At the problematic call:

sort.c AddPoly 2196, make new term (S->sFill 959886) (new term 72) --> 959958
sort.c AddPoly 2196, make new term (S->sFill 959958) (new term 48) --> 960006
sort.c AddPoly 2196, make new term (S->sFill 960006) (new term 48) --> 960054
------Garbage collection-------
in:  S->sFill = 960006, S->sTop2 = 960008
total = 982988, nterms = 0, SmallSize = 640004, SmallESize = 960008
==96593== Invalid write of size 4
==96593==    at 0x221EB0: GarbHand (sort.c:3597)
==96593==    by 0x22277E: AddPoly (sort.c:2206)
==96593==    by 0x222B07: SplitMerge (sort.c:3321)

Here "total" is larger than sTop2 (I changed the print compared to the master branch, which prints 2*total for some reason). But sFill was 960006 before the call, and it was only trying to add a term of 48 words. So I am not sure how a "total" of 982988 is possible, unless the sPointer array contains terms unaccounted for in sFill -- as I understand, this should not be the case.

I am testing on top of #529 so writes over sTop2 are an immediate crash, unlike in the master branch which needs a write beyond PObuffer also (the test rebased onto master actually doesn't cause a valgrind error anymore, due to the increased value of SIOsize from #515).

jodavies commented 3 weeks ago

The issue is that "NEWSPLITMERGE" is not strict about setting pointers to zero, for terms which have merged (or cancel, but in this test nothing cancels). If we use the old code, GarbHand correctly computes the size of the terms which remain.

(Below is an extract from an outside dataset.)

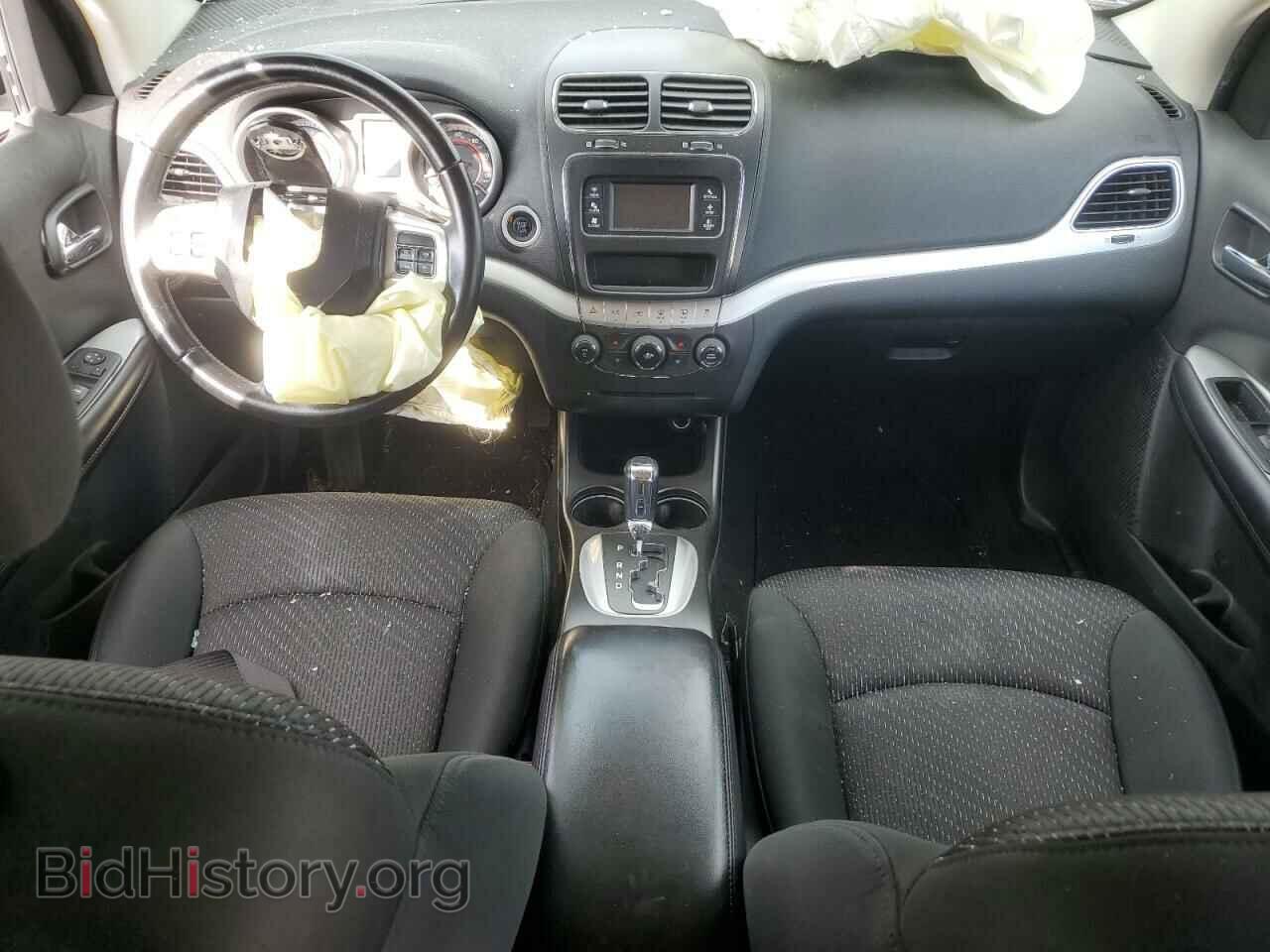 2012 DODGE JOURNEY - VIN: 3C4PDCAB2CT184319 - Фото 8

Maybe this was done for speed, but what is means is that the "new" code fails in some cases where the old succeeds because GarbHand cannot work properly. If you run Issue512_2 with a SubSmallExtension of 5090K, it will run to completion with the old code, but crash with the new because it determines (incorrectly) that SubSmallExtension is too small.. The Timsort code is commented for this tests, but it doesn't change anything.

jodavies commented 3 weeks ago

@tueda can you test this on your mac?

In case it is needed again, I used the following print code (and diff) in the two versions of SplitMerge, to make sure the pointer array now looks the same in both cases.

// Print current state
printf("%4ld: ", number);
for (int ii = 0; ii < S->sTerms; ii++) {
       if ( (S->sPointer)[ii] ) {
               printf("X");
       }
       else {
               printf(".");
       }
}
printf("\n");
fflush(stdout);
tueda commented 3 weeks ago

Now it works on my MacBook Air.

jodavies commented 3 weeks ago

OK, that is good. I have run a few mincer benchmarks and did not see any performance impact. I think in FORM the term comparison is so expensive that no amount of pointer operations during the sort is noticable.

I have a "re-written" version of SplitMerge with some variable name changes and a bunch of commentary to make sure I understand it. Maybe the "improvement in the style of Timsort" can be further improved; at the moment it checks the right-hand half of the left array for the merge point of the right array with a binary search. In principle one could check the entire left array for the merge point, instead of just giving up immediately if the terms are not ordered at the midpoint. Maybe Jos already tested this at the time, and found it not to help? I will test this, but it would be for a new PR.